*Instructions for the task*
Emit a verbatim copy of the lines below from the line with "White Particle Glitter Background Loop V8" through the line with "Organic Abstract Lines, wall", excluding pictures and everything outside that range.

*The records*
===============

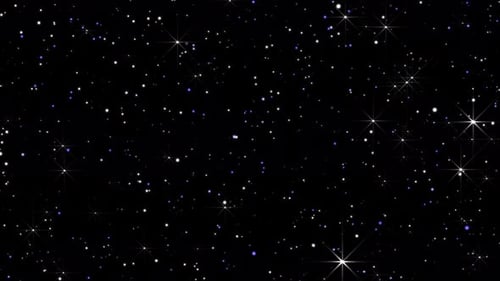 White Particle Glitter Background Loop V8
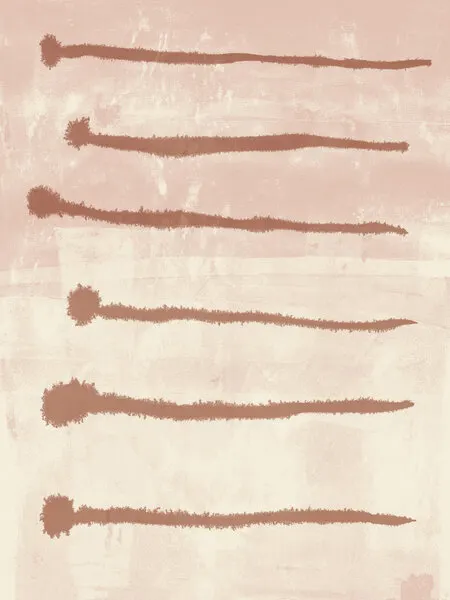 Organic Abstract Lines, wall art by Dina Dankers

===============

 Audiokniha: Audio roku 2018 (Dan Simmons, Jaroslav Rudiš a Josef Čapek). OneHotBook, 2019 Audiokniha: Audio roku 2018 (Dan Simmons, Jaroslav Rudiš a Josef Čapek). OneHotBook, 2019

===============

*Exercise response*
 White Particle Glitter Background Loop V8
 Organic Abstract Lines, wall art by Dina Dankers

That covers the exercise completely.